В другом фрагменте этого текста, наоборот, акцент делается на дискретность единиц, так что создается подвижность словообразовательных и грамматических связей. В своей последней статье о грамматическом творчестве М. Эпштейн назвал такую технику построения текста ГРАММ-АРТ [Эпштейн 2009: 31]. Фактически, в следующем фрагменте приставка У-, отделяясь от глагольной основы, получает самостоятельный смысл и вместо значения направленности действия на достижение определенного результата получает значение предлога, употребляемого при обозначении локальной близости. При этом У является и «огубленным» звуком и его артикуляция сходна с приближением губ при поцелуе.

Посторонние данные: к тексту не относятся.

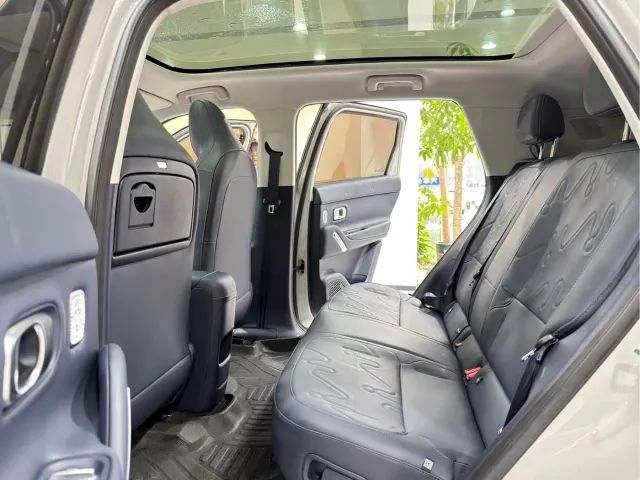 Leapmotor A10 — Фото автомобиля 11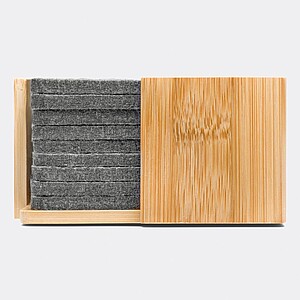 Sada 10 podtácků z RPET plsti v bambusovém stojánku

Сами же освободившиеся основные части «пиваюсь», «меньшаюсь», «мень-шаюсь», не теряя возвратного значения, лишаются конкретного значения и становятся основой для будущих импровизаций и контрастных соотнесений (ср. далее упиваюсь превращается в убиваюсь, а в улыбаюсь согласно этой технике вычленяется смысл «баюсь» — при произнесении «боюсь»). Неопределенность значения позволяет замену управления: получаем дательный падеж местоимения ТЕБЕ, который можно назвать вслед за Эпштейном «адресным», поскольку он лишен предлога направленности К.